Para João Scharinger, engenheiro mecânico, ‘em mobilidade, não há cidade pior que o Rio’

25/09/2015 08:03 - O Globo

"Nasci no Rio em 1948. Sou casado e tenho três filhas. Formei-me em engenharia mecânica pela UFRJ e fiz especialização em automóveis no IME. Trabalhei por 25 anos no BNDES, na área de transporte e infraestrutura. Hoje me dedico a registrar a história da indústria automobilística do Brasil”

Conte algo que não sei.

A capacidade, a criatividade e a quantidade de projetos no Brasil são bem maiores do que pensamos. Mais de mil modelos de carros, caminhões, tratores, ônibus, desde que a indústria foi implantada nos anos 1950. Na minha pesquisa, toda hora descubro novidades. No Sul do país temos indústrias pequenas que pegam um chassi, botam motor e caçamba e vendem para pessoas nas fazendas. E o Brasil já teve projetos do nível de uma Ferrari, como o Amoritz.

Imagino que sua lista tenha também projetos birutas.

Citarei o Caçador de Estrelas, de 1967, desses carros de competição feitos só para provas no interior. O inventor fez uma coisa fora do comum: botou a cabine na frente, avançada, e o motor no meio. E o Gurgel Motofour, com janela e para-brisa ovais e direção no centro. Uma coisa totalmente sem sentido.

Quando nasceu tanta paixão pelos automóveis?

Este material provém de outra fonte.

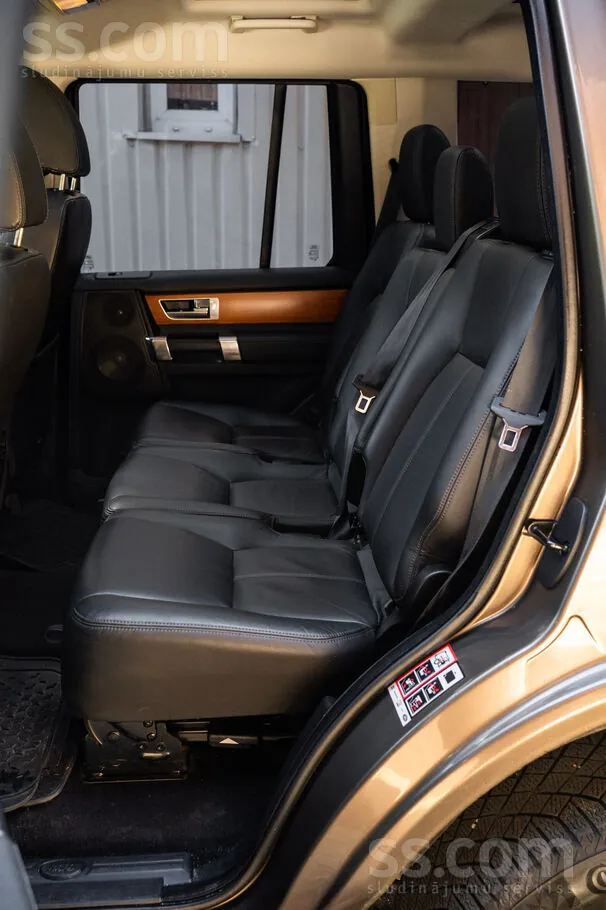 Land Rover Discovery 4 2010 photo 4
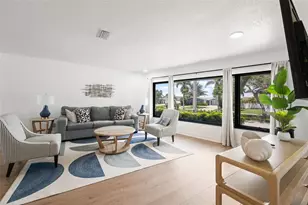 900 79th St S, Saint Petersburg, FL 33707 - Photo 46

Aos seis anos. Meu pai me deu uma revista sobre carros e, desde então, passei acompanhar tudo. Vi nascer a "Quatro Rodas”, com emoção. Recortava as imagens e catalogava. Quando me aposentei, pensei: o que vou fazer com tudo isso?

Aí veio a ideia de um livro...

Sim, a indústria fazia 50 anos. Comecei a organizar a coleção para o livro, mas era coisa demais e acabei montando um site, o Lexicar, sem qualquer caráter comercial, só pelo registro e pelo prazer.

E seu primeiro carro? Deve ter sido uma emoção e tanto.

Tinha 22 anos. Estudava no Fundão e estagiava em Parada de Lucas. Com algumas economias comprei um Renault conhecido como rabo-quente. Logo vendi porque não tinha dinheiro para a manutenção.

O melhor e o pior carros.

O melhor foi um Passat que comprei usado de uma amiga e foi roubado no Flamengo. Com o dinheiro do seguro comprei um Fiat 147, que foi o pior. Antes tive uma Variant que adorava. Depois, parti para uma Brasília com a qual viajei o Brasil inteiro. Quando vou a São Paulo, é sempre de carro.

Não virou colecionador?

Não tenho dinheiro para isso. É preciso cuidar da revisão, levar para feiras e ficar preso a uma rotina. Prefiro gastar dinheiro e tempo com viagens.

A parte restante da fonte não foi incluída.